The graphics processing unit 716 typically executes graphics intensive functions to, e.g., generate graphics information that is presented on the display 703. The memory control function 717 (e.g., a system memory controller) interfaces with the system memory 702 to write/read data to/from system memory 702. The power management control unit 712 generally controls the power consumption of the system 700.
Each of the touchscreen display 703, the communication interfaces 704-707, the GPS interface 708, the sensors 709, the camera(s) 710, and the speaker/microphone codec 713, 714 all can be viewed as various forms of I/O (input and/or output) relative to the overall computing system including, where appropriate, an integrated peripheral device as well (e.g., the one or more cameras 710).
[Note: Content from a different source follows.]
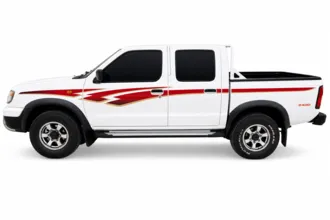 BODY STICKER STRIPE DONGFENG ZNA RICH P27 4D GS-NP-009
Depending on implementation, various ones of these I/O components may be integrated on the applications processor/multi-core processor 750 or may be located off the die or outside the package of the applications processor/multi-core processor 750.
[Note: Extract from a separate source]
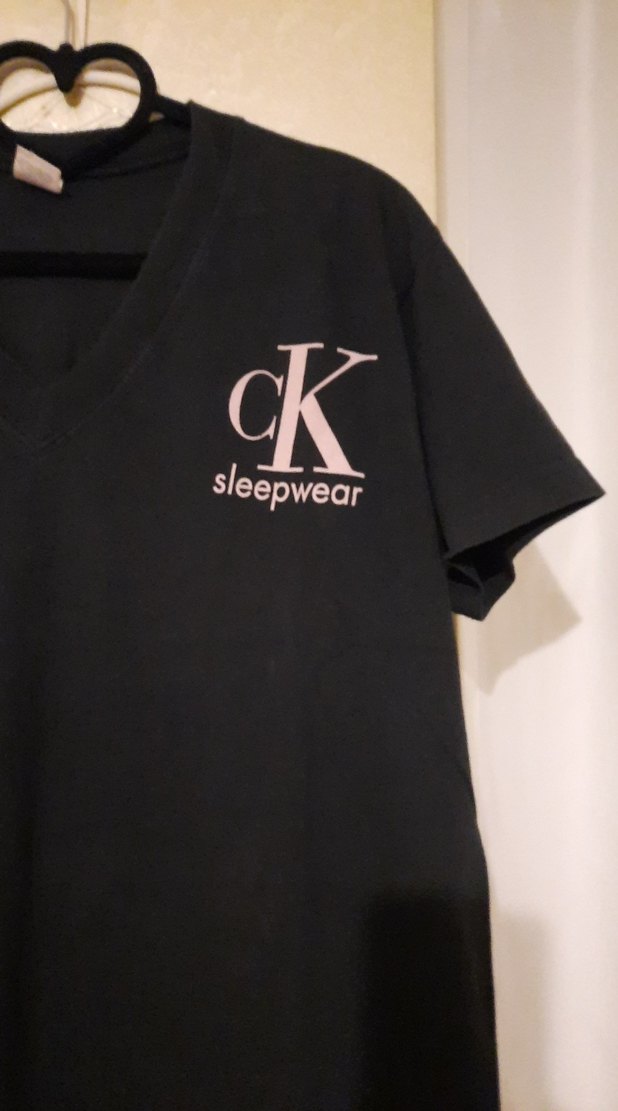 Calvin Klain Penye Gecelik - Görsel 2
Different caching levels of the system (e.g., the L1, L2, L3 and L4 levels of a processor chip that contains the processing cores 715, the memory controller 717 and I/O controller 718 (also referred to as a peripheral controller) may have a gateway function for determining which requests are to receive local cache treatment and/or which lower cache level is the appropriate cache miss or eviction destination. The gateway function and associated look-up circuitry may be implemented with any of hardware logic circuitry, programmable logic circuitry (e.g., SRAM, DRAM, FPGA, PLD, PLA, etc.) and/or logic circuitry that is designed to execute some form of program code (e.g., an embedded processor, an embedded controller, etc.). The local cache resources that are associated with the gateway and look-up circuitry may be implemented with any information retention circuitry (e.g., DRAM circuitry, SRAM circuitry, non volatile memory circuitry, etc.).
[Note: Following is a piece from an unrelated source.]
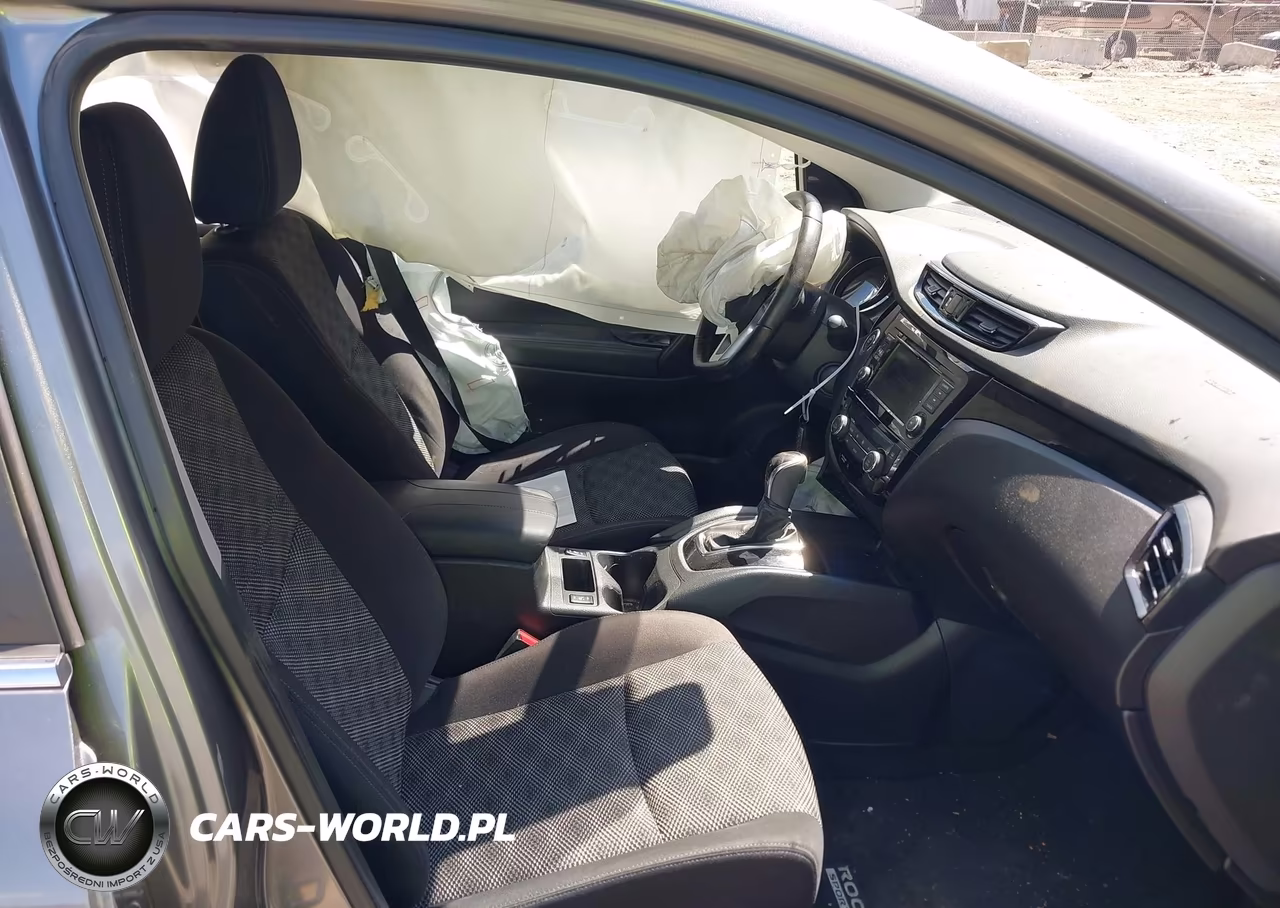 2021 Nissan Rogue Sport Sv Awd Xtronic Cvt VIN:JN1BJ1BW5MW446552 - 5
Embodiments of the invention may include various processes as set forth above. The processes may be embodied in machine-executable instructions. The instructions can be used to cause a general-purpose or special-purpose processor to perform certain processes. Alternatively, these processes may be performed by specific/custom hardware components that contain hardwired logic circuitry or programmable logic circuitry (e.g., FPGA, PLD) for performing the processes, or by any combination of programmed computer components and custom hardware components.
Elements of the present invention may also be provided as a machine-readable medium for storing the machine-executable instructions. The machine-readable medium may include, but is not limited to, floppy diskettes, optical disks, CD-ROMs, and magneto-optical disks, FLASH memory, ROMs, RAMs, EPROMs, EEPROMs, magnetic or optical cards, propagation media or other type of media/machine-readable medium suitable for storing electronic instructions. For example, the present invention may be downloaded as a computer program which may be transferred from a remote computer (e.g., a server) to a requesting computer (e.g., a client) by way of data signals embodied in a carrier wave or other propagation medium via a communication link (e.g., a modem or network connection).
In the foregoing specification, the invention has been described with reference to specific exemplary embodiments thereof. It will, however, be evident that various modifications and changes may be made thereto without departing from the broader spirit and scope of the invention as set forth in the appended claims. The specification and drawings are, accordingly, to be regarded in an illustrative rather than a restrictive sense.